Ray traced doggo piece constructed out of 1 trillion polys.
Sesame Street Fainting GIF
 

Griffon

Member
UE5 seems to fit for big AAA studios. But for everybody else it's a wash between that and Unity and plenty of other solutions (custom or others).

No single engine can fit everybody's need. It seems Epic is going extra hard on the AAA and Asian market, but that's about it really.
 
They provide the best product so people utilize it...other options are out there...its not a monopoly. if they stated buying up unity, Crytec etc then they'd be a monopoly. Unity looks like its really stepping its game up too.
 

kevm3

Member
The reality is that producing 3d engines from scratch is extremely expensive, time consuming and risky. A lot of games that came out probably would have never seen release if the developers were required to build some custom 3d engine. Also, it is very time consuming and expensive for companies to try to onboard new developers to use their proprietary tools
 

kiphalfton

Member
Yes because it makes perfect sense to use your own in-house engine for every game. Also it’s not like using a proprietary in-house game engine will hinder these developers if they go ever somewhere else.
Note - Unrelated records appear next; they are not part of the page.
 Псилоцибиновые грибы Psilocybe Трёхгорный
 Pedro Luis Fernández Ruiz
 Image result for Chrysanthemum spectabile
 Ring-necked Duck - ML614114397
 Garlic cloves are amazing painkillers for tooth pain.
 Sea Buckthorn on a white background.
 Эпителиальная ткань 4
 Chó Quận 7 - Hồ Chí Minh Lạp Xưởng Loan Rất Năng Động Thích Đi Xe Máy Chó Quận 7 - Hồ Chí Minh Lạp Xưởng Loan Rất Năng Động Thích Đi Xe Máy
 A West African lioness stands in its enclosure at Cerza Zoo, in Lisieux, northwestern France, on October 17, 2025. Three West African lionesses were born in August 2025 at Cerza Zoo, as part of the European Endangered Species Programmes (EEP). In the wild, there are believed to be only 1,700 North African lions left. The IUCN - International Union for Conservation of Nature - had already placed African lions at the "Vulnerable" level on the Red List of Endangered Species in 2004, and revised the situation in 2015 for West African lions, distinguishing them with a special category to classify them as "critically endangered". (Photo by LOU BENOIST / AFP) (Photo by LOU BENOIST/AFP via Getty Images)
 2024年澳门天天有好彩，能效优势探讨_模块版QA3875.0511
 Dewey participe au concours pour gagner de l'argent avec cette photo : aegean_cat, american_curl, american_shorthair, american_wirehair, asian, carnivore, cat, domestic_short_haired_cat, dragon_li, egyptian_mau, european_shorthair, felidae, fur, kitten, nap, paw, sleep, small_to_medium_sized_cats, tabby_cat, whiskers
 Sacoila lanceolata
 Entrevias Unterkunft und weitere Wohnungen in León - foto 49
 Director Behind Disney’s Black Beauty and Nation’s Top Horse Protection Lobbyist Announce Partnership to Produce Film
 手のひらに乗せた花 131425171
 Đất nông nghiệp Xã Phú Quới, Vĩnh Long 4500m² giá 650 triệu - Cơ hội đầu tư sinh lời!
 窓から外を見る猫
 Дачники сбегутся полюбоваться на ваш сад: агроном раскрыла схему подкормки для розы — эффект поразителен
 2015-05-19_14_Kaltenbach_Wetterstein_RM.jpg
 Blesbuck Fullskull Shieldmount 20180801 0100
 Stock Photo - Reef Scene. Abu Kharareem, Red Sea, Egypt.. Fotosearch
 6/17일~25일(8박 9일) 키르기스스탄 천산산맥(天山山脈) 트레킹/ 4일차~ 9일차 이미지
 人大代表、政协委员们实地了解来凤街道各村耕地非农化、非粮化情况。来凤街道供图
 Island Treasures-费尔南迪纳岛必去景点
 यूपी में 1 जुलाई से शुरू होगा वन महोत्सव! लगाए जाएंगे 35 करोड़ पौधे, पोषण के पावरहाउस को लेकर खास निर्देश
Never.
 

zaanan

Banned
1) Epic does not have a monopoly.
2) Even if they did, it’s not illegal to have a monopoly. Illegality occurs when a company acts anti-competitively to *maintain* a monopoly. See the DOJ vs Microsoft case for example.
 

Rykan

Member
This is quite a thread fail. Is that why the OP abandoned it?
OP should have known how we feel 'bout them libs and their "Forced Engine Diversity" Woke nonsense thats RUINING video games. I hate it when game devs use another engine just for the sake of "Engine Diversity" to appeal to the woke mob.

Seriously. I have seen so many people say they won't buy Hogwarts Legacy, probably because it's running on Unreal. Those people are killing video games.
 

AJUMP23

Gold Member
Star Citizen hasn’t started using unreal yet. It is still on lumberyard. And it is the biggest game that hasn’t been made.